English | ASIN: B0B6782QV7 | 2022 | 4 hours and 3 minutes | MP3 | M4B | 112 MB
Holding the Calm is a practical and immediately useful guide that meticulously lays out 20 concrete, easy-to-use tools for defusing tension, settling cases, resolving disputes, and rechanneling arguments. How do you stop conflict? Settle disputes? Handle someone who is yelling at you, crying, or just won't speak? How do you find a solution when a solution seems impossible? Holding the Calm shares the secrets that enable everyone to avoid, minimize, or resolve conflict.

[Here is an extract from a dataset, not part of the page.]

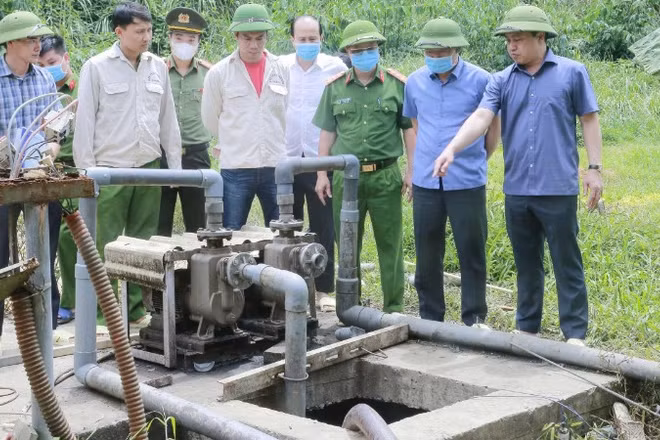 Lãnh đạo Ủy ban nhân dân tỉnh Thanh Hóa cùng cơ quan chức năng kiểm tra hiện trường vụ tai nạn lao động tại trang trại chăn nuôi của Công ty trách nhiệm hữu hạn DABACO Thanh Hóa. (Ảnh: LÊ HỢI)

Popular master mediator Hesha Abrams has tens of thousands of hours in the trenches mediating human conflict, and she shares her pragmatic wisdom in digestible bites that detail how to improve situations and solve difficult problems between human beings, from family and workplace disputes to complex commercial and global conflicts. Practical, inspirational, and full of accessible tools you can use right now, Holding the Calm proves that you don't need an advanced degree or certification to minimize challenges and defuse tension between real people, businesses, and countries.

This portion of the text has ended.